I'm looking for an upper bound on the number of tosses $N$ that would ensure that we see at least $k$ heads with probability $1-\delta$.
I have made an attempt of computing such a bound, but am not sure that it is correct or if it can be simplified.
The Chernoff bound tells us that if we mark the number of heads by $H$ then:
$$\Pr[H\le Np(1-\gamma)]\le e^{-\gamma^2Np/2}$$
This means that to get a probability of at most $\delta$ we would need to set $$ \gamma = \sqrt{\frac{2\ln\delta^{-1}}{Np}}. $$ This means that the requirement that $H\ge k$ implies that we need $$ k = Np(1-\gamma) = Np\left(1-\sqrt{\frac{2\ln\delta^{-1}}{Np}}\right)=Np-\sqrt{{2{Np}\ln\delta^{-1}}}. $$
Denote $x=\sqrt {Np}$, then $$ x^2-x\cdot\sqrt{{2\ln\delta^{-1}}} - k = 0. $$
Then we have $$x=\frac{\sqrt{{2\ln\delta^{-1}}}+\sqrt{2\ln\delta^{-1}+4k}}{2} =\frac{\sqrt{{\ln\delta^{-1}}}+\sqrt{\ln\delta^{-1}+4k}}{\sqrt2}.$$
Therefore: $$ N = x^2/p = \frac{\left(\sqrt{{\ln\delta^{-1}}}+\sqrt{\ln\delta^{-1}+4k}\right)^2}{2p} = \frac{{{\ln\delta^{-1}}}+2(\ln\delta^{-1}+\sqrt{4k\ln\delta^{-1}})+{(\ln\delta^{-1}+4k)}}{2p} = \frac{{{2\ln\delta^{-1}}}+2k+\sqrt{4k\ln\delta^{-1}}}{p}. $$
- Is my analysis correct? Is there a way to simplify the bound?
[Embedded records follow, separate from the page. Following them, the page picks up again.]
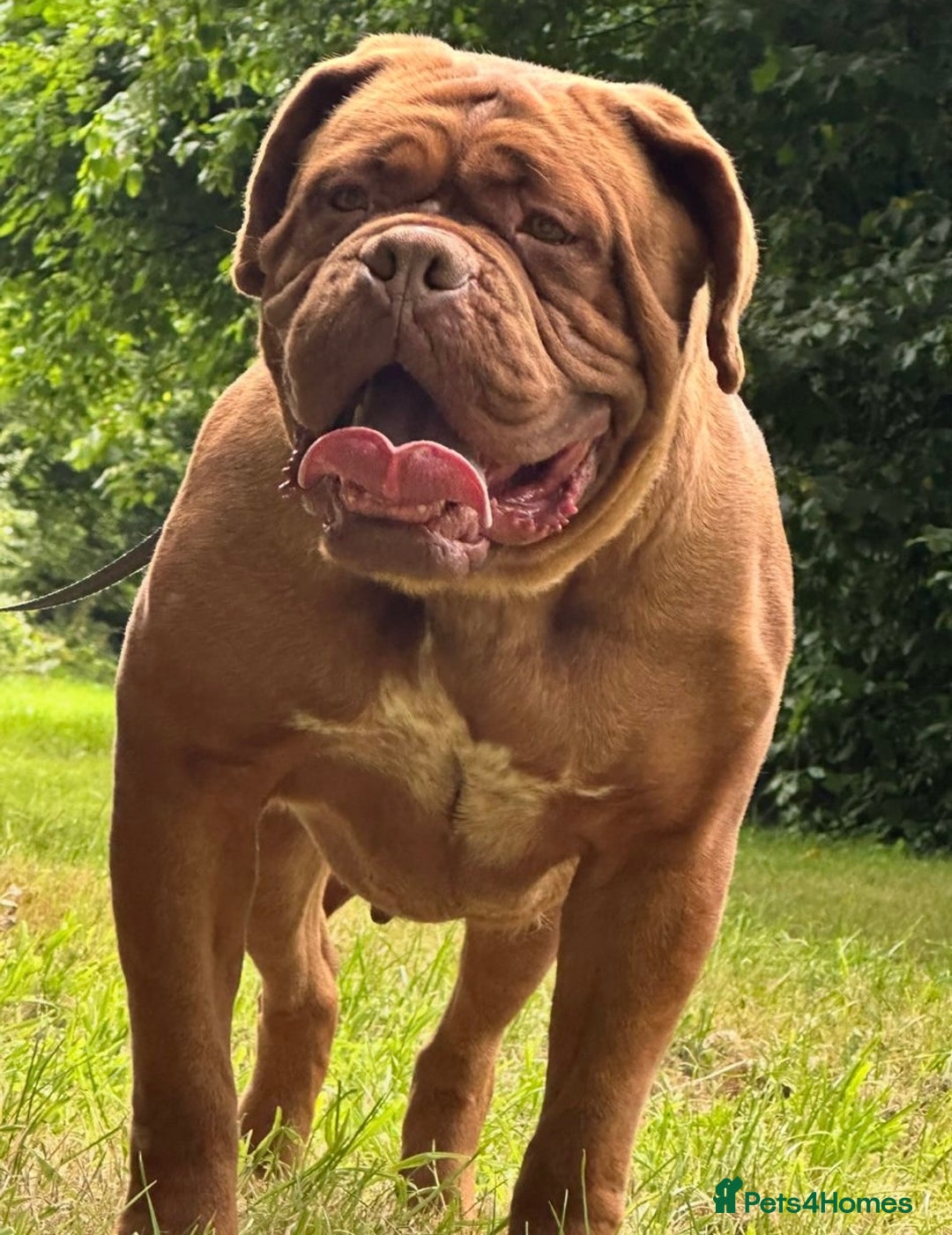 Dogue De Bordeaux dogs for sale: High quality Dogue de Bordeaux - Image 5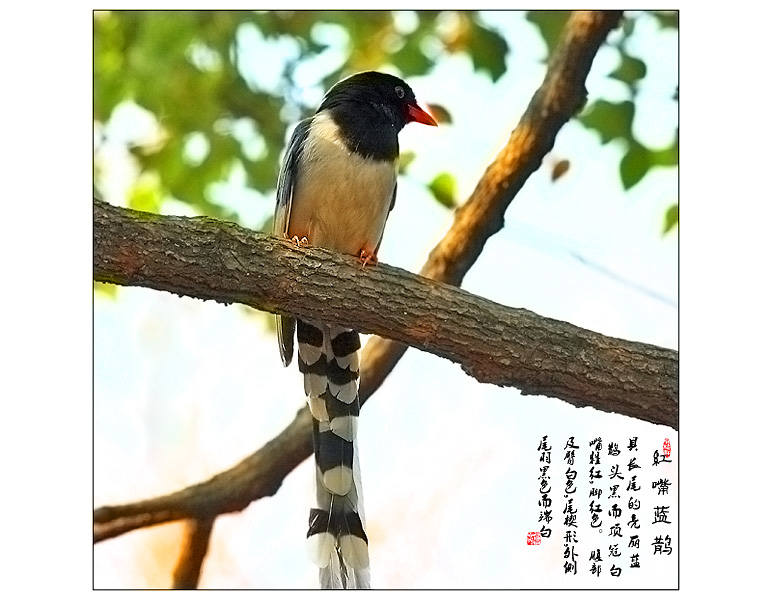 红嘴蓝鹊 摄影 pigeon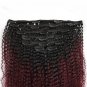 Virgin Human Hair Afro Kinky Curly Clip in Hair Extensions 120 Gram 7 Pieces Hum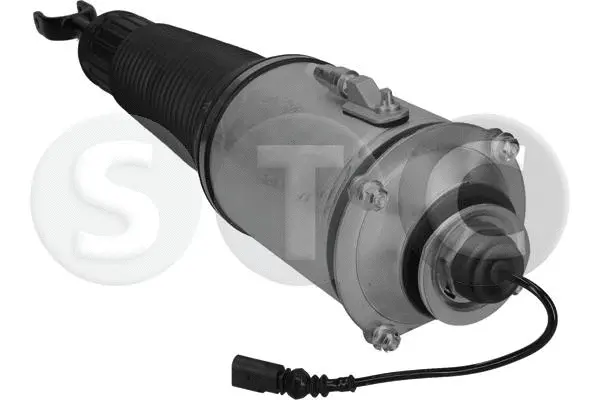 Air Suspension Strut (T442913)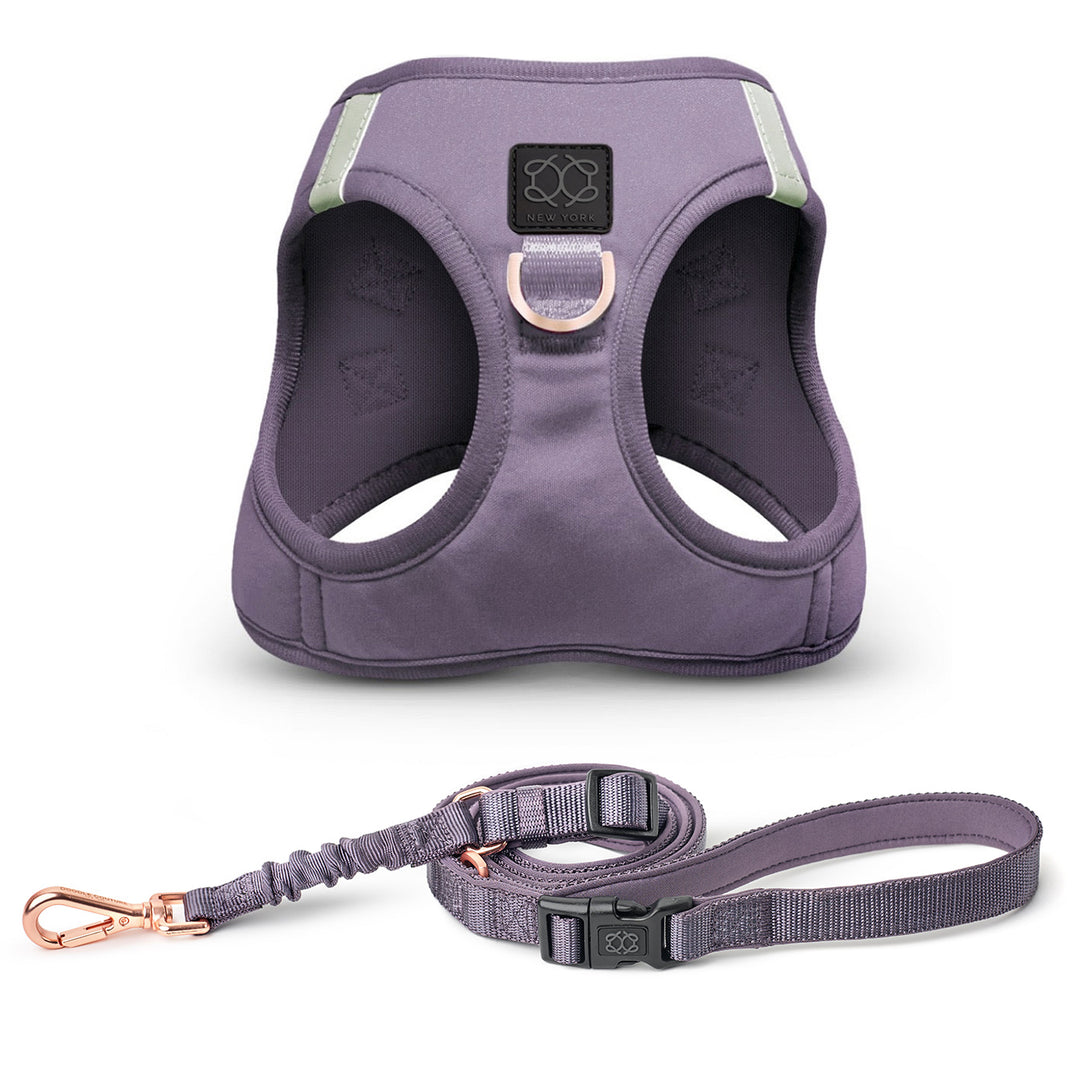 designer dog leashes and collars, designer dog collar and leash, pet accessories designer, fancy harness for dogs, luxury dog harness, fancy dog stuff, pet accessories designer, stylish dog leash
To me, it seems wrong, as I would expect that $N=k/p+O(1)$ would be enough when $\delta$ is constant. What am I missing?
A foolish arithmetic mistake in one of the steps. The correct bound is $$N=\frac{{{2\ln\delta^{-1}}}+k+\sqrt{2k\ln\delta^{-1}}}{p}$$
Going back to the analysis, we have:
$$x=\frac{\sqrt{{2\ln\delta^{-1}}}+\sqrt{2\ln\delta^{-1}+4k}}{2} =\frac{\sqrt{{\ln\delta^{-1}}}+\sqrt{\ln\delta^{-1}+\color{red}{2}k}}{\sqrt2}.$$
Therefore: $$ N = x^2/p = \frac{\left(\sqrt{{\ln\delta^{-1}}}+\sqrt{\ln\delta^{-1}+2k}\right)^2}{2p} = \frac{{{\ln\delta^{-1}}}+2(\ln\delta^{-1}+\sqrt{2k\ln\delta^{-1}})+{(\ln\delta^{-1}+2k)}}{2p} = \frac{{{2\ln\delta^{-1}}}+k+\sqrt{2k\ln\delta^{-1}}}{p}. $$
I'm still wondering if there is a way to simplify this analysis.